Depuis près de dix ans maintenant, la majorité des organisations se sont dotées d’une politique visant la prévention de la violence et du harcèlement. Il ne se passe plus une semaine sans que des offres de sessions de formation et des ateliers de perfectionnement sur ce sujet s’affichent dans nos boîtes de réception de courriels. Les approches juridiques fusent. C’est nécessaire. Jetons un regard sur ce phénomène...

Outil de diagnostic organisationnel
Notre pratique de gestion est souvent orientée par les tableaux de bord organisationnels que nous mettons en place. Ces tableaux sont des outils de référence prospective. À cet égard, le père des tableaux indicateurs, Robert S. Kaplan[1] nous rappelle qu’apprendre ne signifie pas seulement former. Apprendre, c’est miser sur l’expérience des mentors et des tuteurs naturels ou organisationnels. Ceci inclut également les outils conçus par l’organisation de façon à atteindre l’efficacité du développement managérial. La finalité étant d’exercer le gestionnaire à prendre des décisions, à innover, à s’améliorer de sorte que ce mode devienne une façon organisationnelle de « vivre ».[2],[3] Traditionnellement, « le tableau de bord prospectif permet au gestionnaire d'être comme un pilote devant une série d'instruments de contrôle et d'indicateurs, à partir desquels il prendra des décisions et développera des stratégies. »[4] Bien souvent, les interventions sont ponctuelles et les indicateurs que nous pouvons en tirer sont difficilement utilisables de façon prospective. La déclaration de situations conflictuelles susceptibles d’engendrer de la violence ou du harcèlement doit servir d’indicateur en matière de prévention ou aider les gestionnaires de la direction des ressources humaines à évaluer le climat de travail de l’organisation. Cette déclaration doit être liée aux résultats de l’enquête et à la cause profonde du malaise. Par exemple, le non-respect d’un horaire de travail est souvent source de conflit entre les employés, la compétence également. Si les indicateurs tiennent compte seulement du symptôme (un employé qui s’emporte auprès d’un autre employé) et non de la cause de l’événement, nous faussons le tableau d’indicateurs. Pour le dirigeant, savoir que des employés sont violents l’un envers l’autre est une interprétation restreinte et superficielle.
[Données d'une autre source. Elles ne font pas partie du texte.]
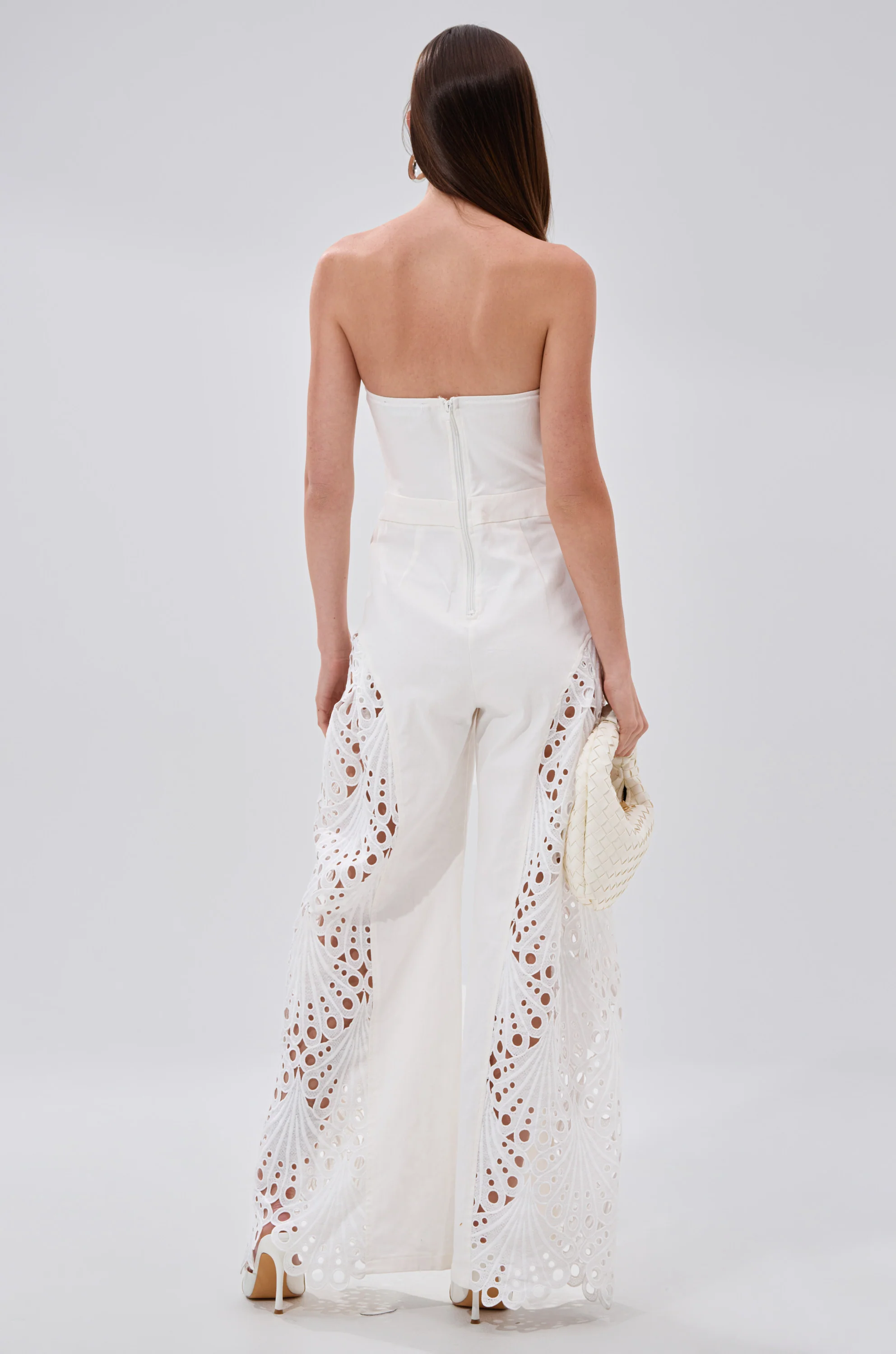 EASY BREEZY DENIM JUMPSUIT IN WHITE - Image 5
Si toutefois, le dirigeant comprend par son tableau d’indicateurs que des problèmes de gestion (horaire de travail, compétence) ou culturels (racisme, religion) sont à la base d’événements violents, ses actions seront différentes et ses interventions organisationnelles le seront autant.

Interprétation des faits
Le gestionnaire banalise souvent les événements en apparence anodins. Ainsi, les échanges entre employés générant des plaintes écrites pour violence ou harcèlement ou toutes les attitudes négatives pouvant mener au harcèlement professionnel (groupe de personnes qui s’entraident pour détruire un autre individu ou groupe d’individus) sont des indicateurs idéaux pour débusquer certains employés pervers dont le comportement est jusque-là demeuré latent. Ces employés sont souvent passés maîtres dans l’art de faire exécuter leurs ordres par des tiers. Le gestionnaire doit alors intervenir lorsqu’un employé est susceptible d’être heurté dans ses valeurs par ces actions ou ces affirmations. En 1961, Stanley Milgram[5] mettait déjà en lumière le harcèlement professionnel (mobbing). Il menait alors une série d'expériences permettant d'estimer à quel point un individu pouvait se plier aux ordres d'une autorité (voir ici gestionnaire ou collègue de travail), même lorsque cela entrait en contradiction avec son système de valeurs morales et éthiques. Or, Milgram démontre par ses études que les complices de ces attentats contre la personne sont le plus souvent de bonnes personnes qui ne réalisent pas l’impact de leurs actions.

Ainsi, lors d’une enquête pour violence et harcèlement, seul un gestionnaire à l’affût des signes accompagné par un spécialiste aguerri des ressources humaines pourront détecter ces éléments tendancieux, faire un diagnostic éclairé et ainsi proposer des solutions. À moins d’une intervention immédiate et difficilement prévisible par des indicateurs, les victimes n’ont malheureusement aucune chance de s’en sortir.

L’enquête
Une politique de prévention de la violence et du harcèlement est un outil qui vise la prévention de la violence. Elle ne représente pas une solution. Bien sûr, elle énoncera les valeurs de l’organisation en matière de prévention de la violence, elle fera siens les objectifs organisationnels, énoncera des définitions, donnera des responsabilités à des membres de l’organisation, établira des mécanismes d’enquête. L’application simpliste de cette politique pourrait être un piège dans lequel le gestionnaire tombera s’il traite seulement les « signes cliniques » d’un événement. Le diagnostic doit être posé à la suite de l’enquête.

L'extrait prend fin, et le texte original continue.